Ah, okay. The first couple of paragraphs leading into the third made it seem like a loaded question.


----------



## myst91

Jeremy8419 said:


> ? We're on a socionics forum discussing socionics. The goal of socionics is to explain everything about relationships that isn't individualistic


So you otherwise are fine with seeing relationships without socionics too?


----------



## Jeremy8419

myst91 said:


> So you otherwise are fine with seeing relationships without socionics too?


I don't even know the current girl I'm seeing's type.

I do try and scrutinize everything through Socionics, but that is due to being on these forums and wanting to help. Per my resource thread, I'm unconsciously activated to improve facilities of operations, and the forums strike me as an impractical mess that doesn't provide people with the right tools they need.

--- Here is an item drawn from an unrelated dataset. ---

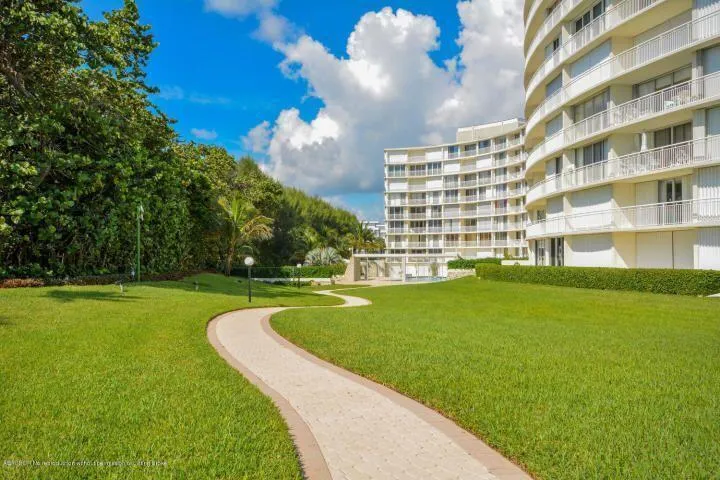 2780 S OCEAN BOULEVARD #509 Palm Beach, FL 33480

I have a tendency to take on others lives for long periods until they get what they need.


----------



## Typhon

Entropic said:


> For example, consider this about the aggressor style:
> 
> 
> 
> But Fi PoLR means poor ability to tell whether you like or dislike someone, especially in terms of intimate relationships, so how does this play out with being an aggressor?
> 
> Furthermore:
> 
> 
> 
> The underlined and bolded part, for example, how does an SLE know what preferences they have when they have Fi PoLR?
> 
> Then, for victim, we have:
> 
> 
> 
> But if you have access to strong Fi which operates on like/dislike and attraction/repulsion, shouldn't it be easier to tell whether you are interested in someone else or not?


I think its important to distinguish between "interest" here and understanding a relationship. "Interest" more likely relates to sexual desire, or physical attraction based on looks, understanding a relationship is about understand the intricacies of said relationships, not necessarily romantic btw.


----------



## Captain Mclain

Jeremy8419 said:


> Victim means they want to be dominated. If they aren't being dominated, they don't like you. Them asking about you liking them or whatnot is actually them saying they don't like you. Fi-Se wants to isolate you from others. Ti-Se wants to create a structure/family/whatever to keep you put.

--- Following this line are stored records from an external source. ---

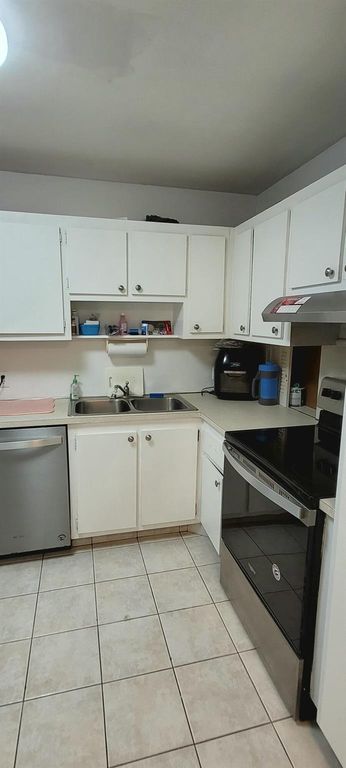 Image 3 of property listing at 4465 Luxemburg Court 103, Lake Worth, FL 33467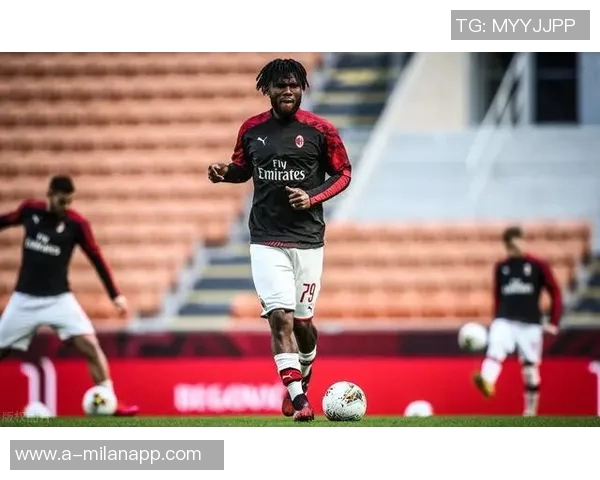 意天空报道恰尔汉奥卢和达米安将随国米征战意超杯但出场机会未定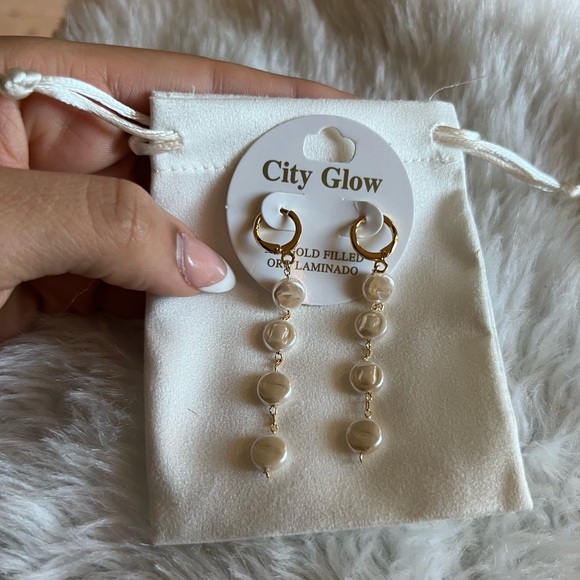 NWT City Glow 18K Gold Filled Pearl Earrings - Picture 5 of 5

Actually I wonder if it is not that victim types tend to want to develop an environment where if you do not predict future and do Ni you will die. And that aggressor want, paradoxically, develop a culture and environment where they are the victim and everyone is victim. The thing is that Victim very easy play the victim card and see the future possibility and if they will turn out to be victim they avoid it thus very rarely actually are the victim. 

Si ego type seem to be into having pranks going on all the time. Ne seem to want to be taking care of people. It seem so opposite in real life examples.


----------



## piano

Wolfskralle said:


> I was under the impression, that classic victim/agressor description relate more to Beta, than Gamma. Betas have Se-, hence are more openly aggressive and confrontational, while Gammas, with Se+, are typically more defensive with their Se. I understand Gamma aggressive romance style more like an indirect act of "aggression"/ethical manipulation, than open expression of force of will, as it is shown by Beta ST's.
> Kinda opposite of what eastwin have said, I understand Gemma aggressors as less likely to initiate contact, than their Beta counterparts. Even to the point, that some Gamma victims might confuse themselves as aggressors, and vice versa. That's just a speculation thought, LF confirmation.
> 
> It also might have something to do with traditional gender roles, as Fi is typically perceived as feminine, while Ti - and thinking in general - will be more masculine.
> 
> Some theory:
> 
> 
> 
> 
> 
> Socionics - the16types.info - Socionics Romancing Styles


there doesn't seem to be a romance style pertaining to bat-shit crazy behavior though? but seriously, i've always thought these were super neat. i know for certain the descriptions for caregiver and childlike don't fit me. i am torn between aggressor and victim. i think probably victim but i need more info... which is why i'm bumping this thread.


----------



## myst91

i cant play the piano said:


> there doesn't seem to be a romance style pertaining to bat-shit crazy behavior though? but seriously, i've always thought these were super neat. i know for certain the descriptions for caregiver and childlike don't fit me. i am torn between aggressor and victim. i think probably victim but i need more info... which is why i'm bumping this thread.


Aggressor wouldn't consider Victim. Victim can look like either.


----------



## Vermillion

myst91 said:


> Aggressor wouldn't consider Victim. Victim can look like either.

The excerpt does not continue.